Alguno, para hacer más llevadero el trauma, escribe unos versitos sarcásticos o un cuento navideño de terror gótico. Otros, directamente, desconectan de todo. No falta quien, abordando la cosa más racionalmente, trata de poner palabras a lo que le ocurre y, con calmada lucidez, te cuenta que no tiene nada que celebrar y que, si ya antes tenía sus más y sus menos para con lo eterno, ahora sabe directamente que Dios no existe; que no ve por ningún lado la mano buena de un ser bueno. Que han sucedido y están sucediendo demasiadas cosas malas, dolorosas, tristes: guerras, epidemias, crispación y violencia… Y que, antes que vivir en conflicto con una creencia que solo les aporta inestabilidad, lo mejor es descartar cualquier ilusión de consuelo.
Alguno de los amigos con los que me he reencontrado en estos días navideños ha sido muy sincero: ha perdido la fe y el peso de los años -especialmente los últimos años- le ha agriado la mirada sobre la vida. No hay un Dios con nosotros para él.
Esta persona, con esa urgencia que nos da el paso de los años, movida de esa decisión de no perder el tiempo en rodeos sentimentales ni retóricos, me ha llegado a decir: “no sé cómo aguantas una vida tan idealista”. Lo que yo llamo el don de la fe, para él es un exceso de idealismo.
Y uno no puede menos que quedarse pensando. Y llegar a ciertas conclusiones con la misma sinceridad. Entiendo que habitar un espacio vacío de sentido, un significante sin significado, algo a lo que continuamente hemos de aportarle un relato que ya no brota de su relato originario debe ser, cuando menos, fatigoso: una carga pesada.

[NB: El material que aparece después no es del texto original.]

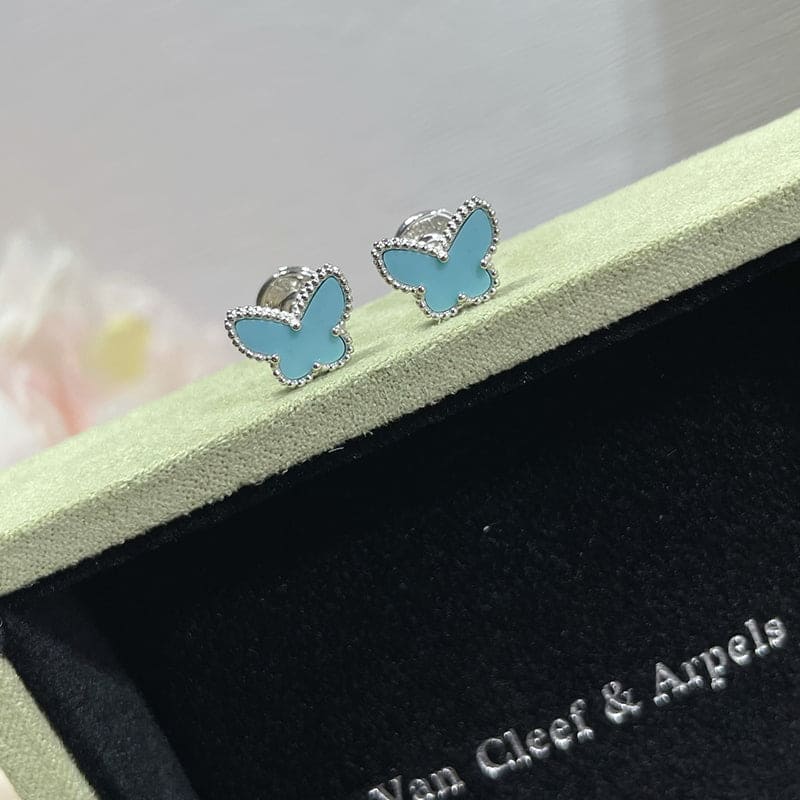 18K Van Cleef & Arpels Sweet Alhambra Butterfly Stud Earrings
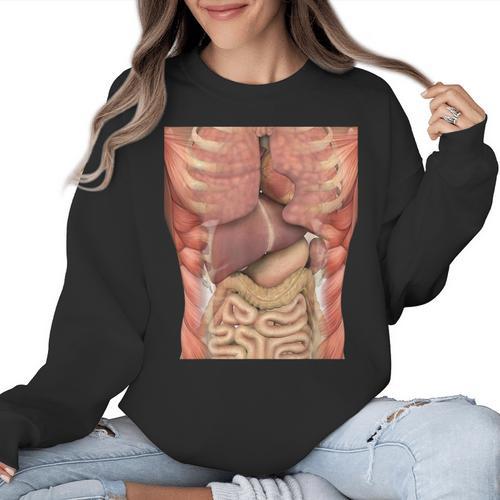 Human Muscles Organs Scary Anatomy Teacher Halloween Costume Women Crewneck Sweatshirt - teacherstshirts.com AU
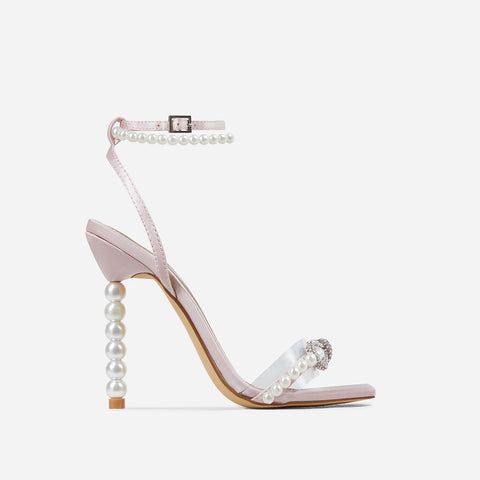9cm Square Toe Stiletto Heel Heels Rhinestone Bow Pearl Strap Shoes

Celebrar la presencia de un Dios en el que no crees hace que cada signo de fiesta se perciba con incomodidad: visitas, regalos, comidas familiares, belenes, cantos…
Es como vivir en el espacio de una hermosa playa abierta por el mar pero de la cual el mar se ha marchado. Y ahora está invadida por carruseles inorgánicos, luces de feria, rostros con sonrisa quirúrgicamente sostenida, ensoñación alquilada.
Habitar un tiempo, aunque solo se trate por unos días, cuyo sentido redentor no me redime de nada debe de ser agotador. Una especie de burla sarcástica de la que ya no queremos formar parte.
Se suma a ello la necesidad de ser obligatoriamente felices por Navidad, de parecer felices a toda costa. Lo cual se convierte en una huida hacia adelante en dirección a una alegría de última hora. Una espiral que añade frustración a la frustración mal resuelta.
Uno rumia las razones de sus amigos y, al final, debe hacerse a sí mismo el favor de ser honesto. Habitar su verdad: el regalo de la fe es igual que el regalo del nacimiento de Jesús y el regalo de nuestro propio nacimiento. Experimentar la trascendencia y la cercanía de Jesús nacido niño, por más insignificante que parezcan las circunstancias, cambia cualitativamente nuestra forma de estar en el mundo y de interpretar el regalo que en nuestra propia humanidad Dios nos hace a nosotros mismos.
Entre la oscuridad y la luz, entre la salvación y la desgracia, media tan solo una palabra: hágase. Y entonces todo es distinto, al igual que una estrella es solo una chincheta clavada en la inmensa oscuridad del universo y, sin embargo, basta su luz para atravesar el desierto y orientarte en la noche.
Hay luz que se enciende solo mientras caminas. Donde se abre una playa, el mar no está muy lejos.
Por eso esa tristeza de algunas personas en Navidad me hace pensar que la tristeza en realidad no existe; es una ausencia de alegría. Y ya sabemos bien que las ausencias hablan de una presencia. Son, como diría George Steiner, una nostalgia de absoluto. A lo que añadimos que la nostalgia es un sentimiento que se refiere al futuro.
El futuro existe en la medida que se acepta, se recibe. Pero no deja de existir por el hecho de rechazarlo, lo cual es muy molesto y, honestamente, me devuelve al mejor de los puntos posibles: si soy futuro y el futuro viene a mi encuentro, tiene mi misma carne y habla mi idioma ¿qué más puedo pedir? Hay cosas que tan solo se comprenden cayendo de rodillas y adorando.